American's small businesses are struggling to stay afloat. Over 61 percent of them report that they face constant financial challenges.
Despite those challenges, these businesses employ 58 million people nationwide. That's almost half of the country's private sector employees.
For this reason, the government has made several efforts to protect these businesses. And one of the government's solutions is the Disadvantaged Business Enterprise Program.
So what does this program have to do with your business?
Section 49 CFR Part 26 has a direct impact on your business.
How so? Continue reading to find out what the key impact of this section is and how you can remain compliant.

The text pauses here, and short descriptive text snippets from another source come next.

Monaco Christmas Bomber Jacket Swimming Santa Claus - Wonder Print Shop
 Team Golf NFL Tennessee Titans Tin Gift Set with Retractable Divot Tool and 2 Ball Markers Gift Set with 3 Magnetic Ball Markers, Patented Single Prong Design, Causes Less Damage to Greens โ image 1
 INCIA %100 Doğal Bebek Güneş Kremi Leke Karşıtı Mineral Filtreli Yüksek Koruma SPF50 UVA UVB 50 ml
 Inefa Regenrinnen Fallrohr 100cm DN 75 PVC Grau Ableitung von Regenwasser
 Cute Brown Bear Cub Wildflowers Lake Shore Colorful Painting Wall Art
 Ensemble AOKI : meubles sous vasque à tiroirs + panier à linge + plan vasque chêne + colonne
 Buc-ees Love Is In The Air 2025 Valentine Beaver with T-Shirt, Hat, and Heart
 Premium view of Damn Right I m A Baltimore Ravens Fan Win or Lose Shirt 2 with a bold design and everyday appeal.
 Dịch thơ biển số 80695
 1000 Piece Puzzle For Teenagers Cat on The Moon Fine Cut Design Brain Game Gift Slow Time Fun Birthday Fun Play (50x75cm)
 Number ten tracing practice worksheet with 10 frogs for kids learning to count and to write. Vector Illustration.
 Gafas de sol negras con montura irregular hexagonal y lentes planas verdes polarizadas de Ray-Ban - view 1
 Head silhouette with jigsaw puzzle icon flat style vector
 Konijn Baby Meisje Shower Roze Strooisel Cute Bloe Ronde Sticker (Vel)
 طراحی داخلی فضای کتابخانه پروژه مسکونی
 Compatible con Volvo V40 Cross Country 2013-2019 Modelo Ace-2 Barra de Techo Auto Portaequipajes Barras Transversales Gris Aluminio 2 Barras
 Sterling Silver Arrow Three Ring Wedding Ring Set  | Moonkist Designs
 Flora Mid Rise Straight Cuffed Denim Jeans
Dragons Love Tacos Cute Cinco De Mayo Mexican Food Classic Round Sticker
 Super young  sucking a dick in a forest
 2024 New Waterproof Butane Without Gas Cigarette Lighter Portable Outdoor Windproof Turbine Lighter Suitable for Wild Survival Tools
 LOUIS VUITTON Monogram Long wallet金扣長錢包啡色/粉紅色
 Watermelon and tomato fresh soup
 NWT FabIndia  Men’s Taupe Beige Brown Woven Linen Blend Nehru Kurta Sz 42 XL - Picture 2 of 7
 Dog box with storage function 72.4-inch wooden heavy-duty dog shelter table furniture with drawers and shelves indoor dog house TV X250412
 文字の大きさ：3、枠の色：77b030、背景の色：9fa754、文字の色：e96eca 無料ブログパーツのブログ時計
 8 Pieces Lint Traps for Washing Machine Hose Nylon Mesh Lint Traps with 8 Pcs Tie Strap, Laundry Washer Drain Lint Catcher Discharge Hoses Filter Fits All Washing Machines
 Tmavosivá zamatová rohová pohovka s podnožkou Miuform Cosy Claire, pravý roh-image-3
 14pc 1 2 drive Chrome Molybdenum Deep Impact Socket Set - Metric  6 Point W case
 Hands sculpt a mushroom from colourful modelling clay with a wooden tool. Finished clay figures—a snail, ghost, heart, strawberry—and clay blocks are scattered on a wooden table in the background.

Let's first start by defining what exactly a DBE is. Understanding this terminology is key to understanding 49 CFR Part 26's mandate.
A disadvantaged business enterprise is a small business that is owned and operated by members of an economically and socially disadvantaged group.
And pay attention to the wording used here. A "small" business has to meet the Small Business' Administration's size criteria. Not only that, but its annual gross receipts can't exceed $23.98 million.
In order to be "economically disadvantaged," a business owner's net worth must not exceed $1.32 million.
For more information about DBEs and DBE programs, take a look at this free resource.
Now that we've established what a DBE is, we'll talk about what 49 CFR Part 26 mandates. It has two primary restrictions.
The first restriction forbids discrimination in connection with the award of contracts. The restriction's protected classes include race, sex, color, and national origin.
So any company that excludes any person from participating in a contract because of that person's status as a member of a protected class is in violation of this restriction.
The second restriction directly addresses the structure of a DBE program. According to this restriction, no one can administer a DBE program in a way that undermine's the program's objectives.
In other words, no one should attempt to circumvent the first restriction.
The primary objective of these DBE regulations is to curtail discrimination in the award of DOT-assisted contracts. Which leads us to its second objective:
To level the playing field.
America is, after all, perceived as the land of opportunity. But not everyone has equal access to that opportunity.
And here's yet another one of its objectives:
To prevent the widespread abuse of DBE programs.
According to 49 CFR Part 26.1, only firms that meet the eligibility requirements are allowed to become certified DBEs. This particular clause is relevant to both businesses that want to become DBEs and businesses that structure DBE programs.
So here's a word of caution to any company that wants to structure a DBE program:
Carefully vet the companies you allow to participate in your program. If you fail to do so, you risk violating this rule.
In truth, section 49 CFR Part 26 is much more complex. But we've laid out the meatiest parts of it here, so you should now have a better understanding of how it affects your DBE program management.